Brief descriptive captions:
________________________________________
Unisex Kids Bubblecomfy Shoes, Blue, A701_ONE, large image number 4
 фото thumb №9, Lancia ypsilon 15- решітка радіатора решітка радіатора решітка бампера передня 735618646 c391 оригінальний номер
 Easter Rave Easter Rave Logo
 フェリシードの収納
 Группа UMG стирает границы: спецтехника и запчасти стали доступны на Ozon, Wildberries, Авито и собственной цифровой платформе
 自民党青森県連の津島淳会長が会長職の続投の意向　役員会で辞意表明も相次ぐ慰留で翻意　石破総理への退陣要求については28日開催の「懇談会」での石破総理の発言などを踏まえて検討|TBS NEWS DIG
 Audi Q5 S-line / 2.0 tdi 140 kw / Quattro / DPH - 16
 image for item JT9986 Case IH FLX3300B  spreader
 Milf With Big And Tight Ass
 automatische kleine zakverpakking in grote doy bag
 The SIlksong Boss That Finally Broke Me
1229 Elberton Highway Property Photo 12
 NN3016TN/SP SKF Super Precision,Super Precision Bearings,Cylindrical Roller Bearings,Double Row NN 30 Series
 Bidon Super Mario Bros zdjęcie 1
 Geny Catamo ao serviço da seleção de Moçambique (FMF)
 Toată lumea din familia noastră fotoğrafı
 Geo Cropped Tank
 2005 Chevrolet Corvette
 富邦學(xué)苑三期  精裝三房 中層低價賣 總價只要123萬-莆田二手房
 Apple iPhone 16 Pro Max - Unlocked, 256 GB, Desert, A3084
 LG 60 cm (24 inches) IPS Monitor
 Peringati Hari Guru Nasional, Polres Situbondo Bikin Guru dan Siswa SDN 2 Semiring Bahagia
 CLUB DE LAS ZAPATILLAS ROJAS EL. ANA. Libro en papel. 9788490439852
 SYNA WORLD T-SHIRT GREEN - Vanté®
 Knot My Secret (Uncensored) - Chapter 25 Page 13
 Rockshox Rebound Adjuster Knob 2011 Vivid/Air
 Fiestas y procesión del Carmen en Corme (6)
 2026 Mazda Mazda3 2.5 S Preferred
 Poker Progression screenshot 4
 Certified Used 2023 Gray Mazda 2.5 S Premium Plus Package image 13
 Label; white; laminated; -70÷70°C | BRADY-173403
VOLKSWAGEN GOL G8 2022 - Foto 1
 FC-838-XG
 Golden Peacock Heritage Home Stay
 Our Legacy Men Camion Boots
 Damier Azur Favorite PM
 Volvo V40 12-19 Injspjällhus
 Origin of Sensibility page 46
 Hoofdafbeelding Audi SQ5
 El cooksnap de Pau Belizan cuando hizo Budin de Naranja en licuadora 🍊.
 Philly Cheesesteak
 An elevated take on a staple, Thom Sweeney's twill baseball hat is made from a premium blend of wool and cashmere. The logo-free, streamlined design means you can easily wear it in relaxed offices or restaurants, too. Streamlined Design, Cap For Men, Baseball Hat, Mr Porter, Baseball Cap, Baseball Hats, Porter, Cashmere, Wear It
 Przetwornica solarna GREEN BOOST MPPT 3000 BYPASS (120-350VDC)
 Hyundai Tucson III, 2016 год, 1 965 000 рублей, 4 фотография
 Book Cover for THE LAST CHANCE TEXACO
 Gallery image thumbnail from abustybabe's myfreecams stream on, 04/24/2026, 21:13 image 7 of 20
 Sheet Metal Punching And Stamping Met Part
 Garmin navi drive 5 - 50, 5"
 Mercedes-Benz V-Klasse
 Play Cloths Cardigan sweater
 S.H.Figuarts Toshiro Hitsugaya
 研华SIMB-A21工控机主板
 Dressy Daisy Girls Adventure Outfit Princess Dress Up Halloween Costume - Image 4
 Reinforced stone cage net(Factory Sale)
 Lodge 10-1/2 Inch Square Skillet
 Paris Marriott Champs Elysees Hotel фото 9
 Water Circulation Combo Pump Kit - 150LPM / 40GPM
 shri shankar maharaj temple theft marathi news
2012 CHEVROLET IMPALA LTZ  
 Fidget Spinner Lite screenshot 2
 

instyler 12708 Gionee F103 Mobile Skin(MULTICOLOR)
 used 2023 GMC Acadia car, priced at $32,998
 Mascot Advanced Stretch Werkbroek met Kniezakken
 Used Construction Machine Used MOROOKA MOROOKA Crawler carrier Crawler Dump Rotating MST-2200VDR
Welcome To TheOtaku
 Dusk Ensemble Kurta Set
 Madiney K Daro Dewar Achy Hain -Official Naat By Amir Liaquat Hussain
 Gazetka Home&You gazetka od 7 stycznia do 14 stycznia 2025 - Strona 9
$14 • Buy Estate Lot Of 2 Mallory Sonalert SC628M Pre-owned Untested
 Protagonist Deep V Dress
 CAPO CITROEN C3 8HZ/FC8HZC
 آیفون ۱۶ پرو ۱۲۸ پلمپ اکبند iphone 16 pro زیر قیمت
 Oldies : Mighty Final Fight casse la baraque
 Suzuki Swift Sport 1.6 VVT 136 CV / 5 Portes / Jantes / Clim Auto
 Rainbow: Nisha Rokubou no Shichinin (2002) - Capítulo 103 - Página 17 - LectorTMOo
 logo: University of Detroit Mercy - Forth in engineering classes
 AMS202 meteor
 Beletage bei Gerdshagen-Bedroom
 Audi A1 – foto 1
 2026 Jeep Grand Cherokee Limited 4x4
________________________________________
→ **TASK**
In your reply, restate exactly the lines from the start of the records above through the line holding "Milf With Big And Tight Ass", including both, and nothing else.

→ **EXERCISE OUTPUT**
Unisex Kids Bubblecomfy Shoes, Blue, A701_ONE, large image number 4
 фото thumb №9, Lancia ypsilon 15- решітка радіатора решітка радіатора решітка бампера передня 735618646 c391 оригінальний номер
 Easter Rave Easter Rave Logo
 フェリシードの収納
 Группа UMG стирает границы: спецтехника и запчасти стали доступны на Ozon, Wildberries, Авито и собственной цифровой платформе
 自民党青森県連の津島淳会長が会長職の続投の意向　役員会で辞意表明も相次ぐ慰留で翻意　石破総理への退陣要求については28日開催の「懇談会」での石破総理の発言などを踏まえて検討|TBS NEWS DIG
 Audi Q5 S-line / 2.0 tdi 140 kw / Quattro / DPH - 16
 image for item JT9986 Case IH FLX3300B  spreader
 Milf With Big And Tight Ass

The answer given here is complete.